- WORK TASK -
The reply should reproduce every line of the data below word for word, minus any images.

- SUPPLIED INFORMATION -
# # # # #

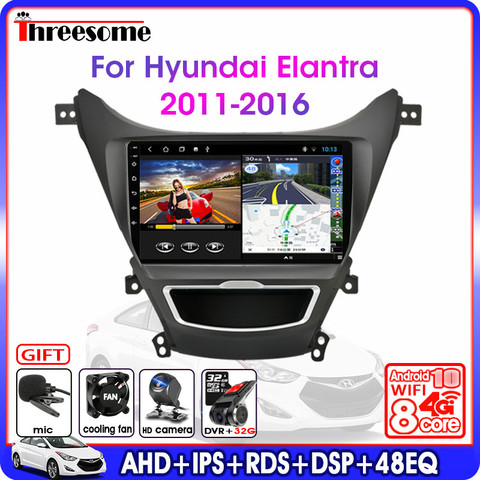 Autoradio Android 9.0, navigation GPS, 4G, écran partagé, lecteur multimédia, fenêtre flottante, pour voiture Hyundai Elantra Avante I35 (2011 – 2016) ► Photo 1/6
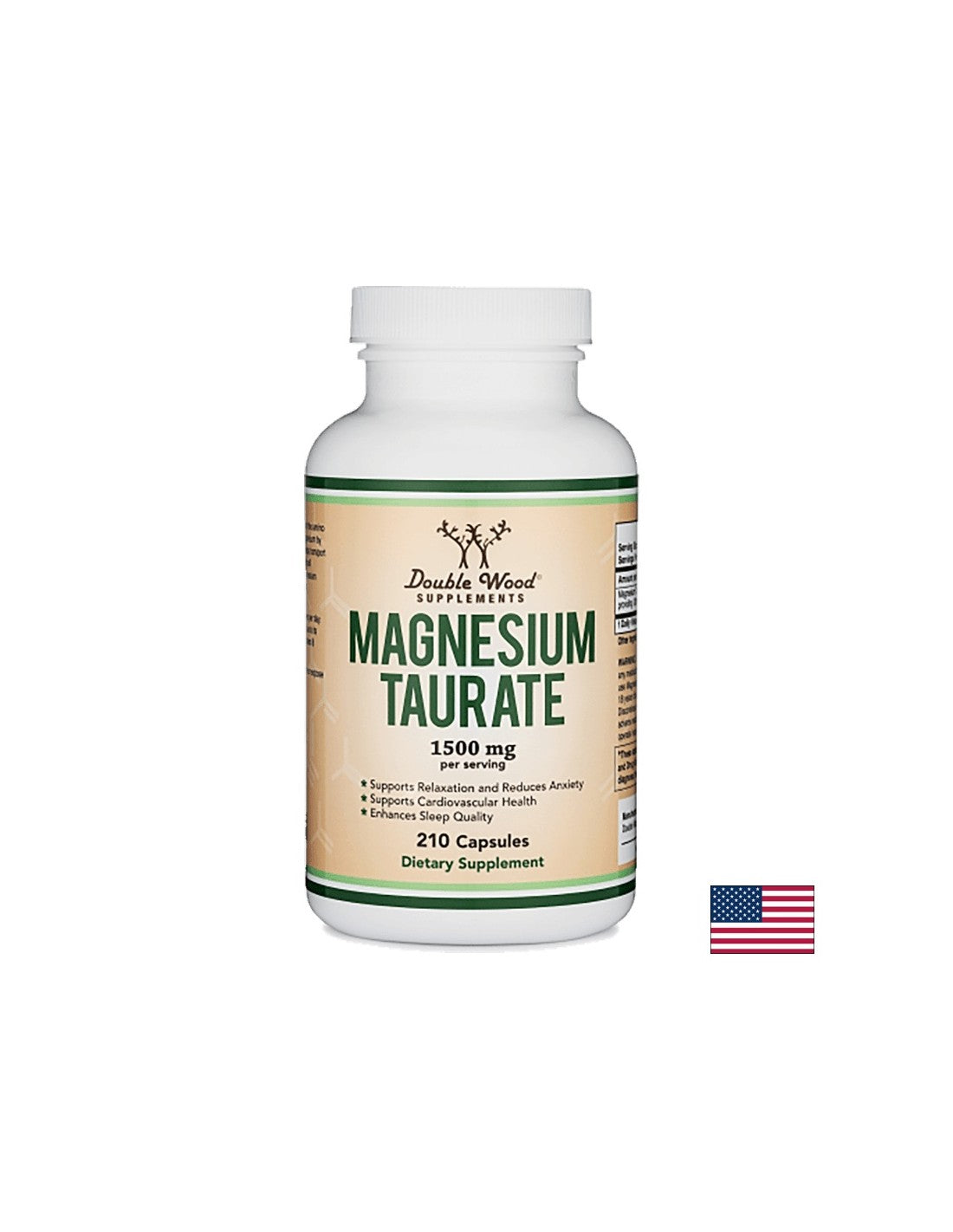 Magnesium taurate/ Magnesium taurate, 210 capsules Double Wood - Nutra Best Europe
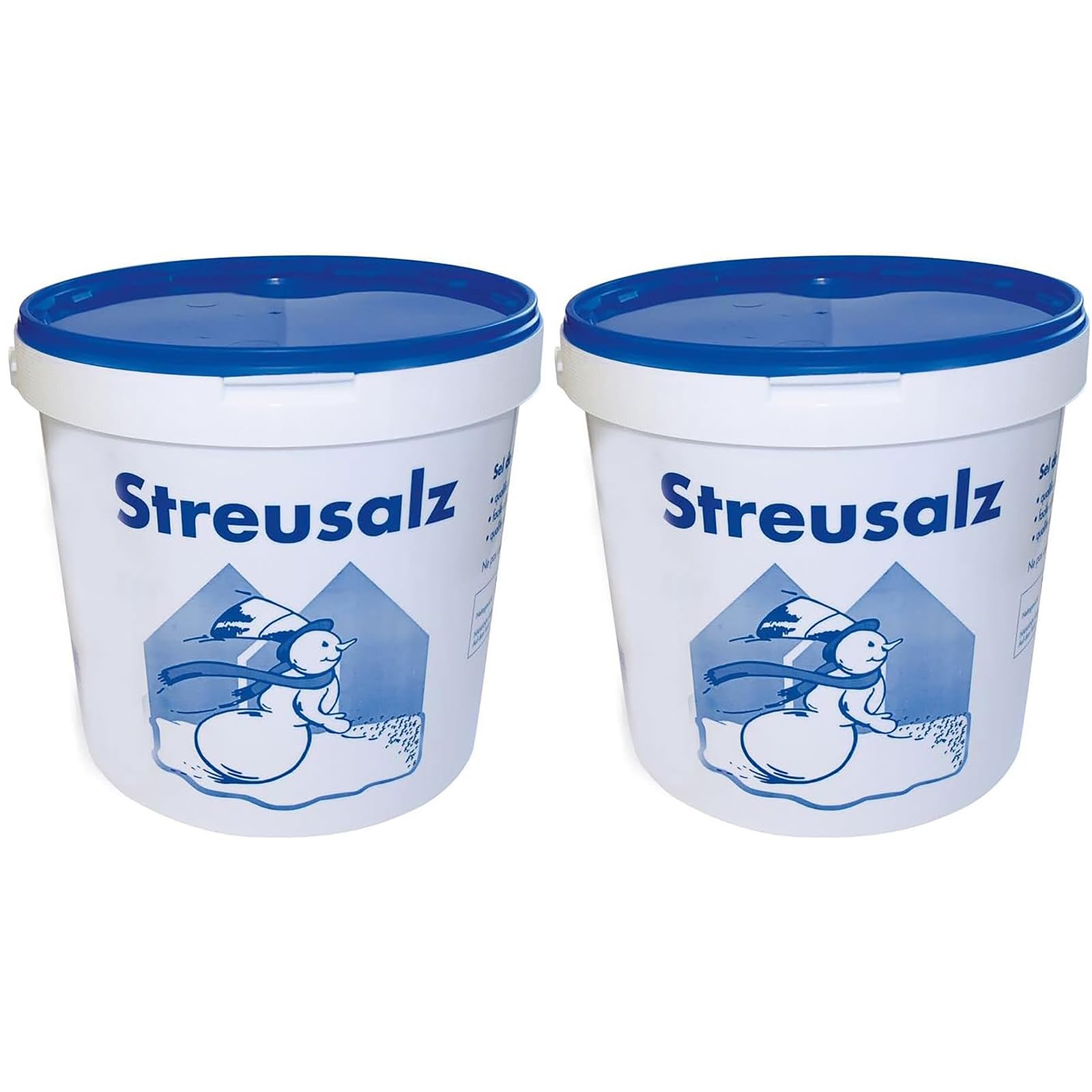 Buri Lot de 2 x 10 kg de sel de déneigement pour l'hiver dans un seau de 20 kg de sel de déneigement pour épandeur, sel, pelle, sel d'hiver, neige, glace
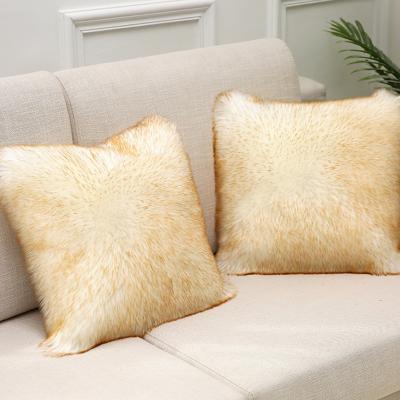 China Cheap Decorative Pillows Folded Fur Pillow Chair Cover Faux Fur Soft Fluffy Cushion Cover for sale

# # # # #

- RESULT OF THIS EXERCISE -
 Autoradio Android 9.0, navigation GPS, 4G, écran partagé, lecteur multimédia, fenêtre flottante, pour voiture Hyundai Elantra Avante I35 (2011 – 2016) ► Photo 1/6
 Magnesium taurate/ Magnesium taurate, 210 capsules Double Wood - Nutra Best Europe
 Buri Lot de 2 x 10 kg de sel de déneigement pour l'hiver dans un seau de 20 kg de sel de déneigement pour épandeur, sel, pelle, sel d'hiver, neige, glace
 China Cheap Decorative Pillows Folded Fur Pillow Chair Cover Faux Fur Soft Fluffy Cushion Cover for sale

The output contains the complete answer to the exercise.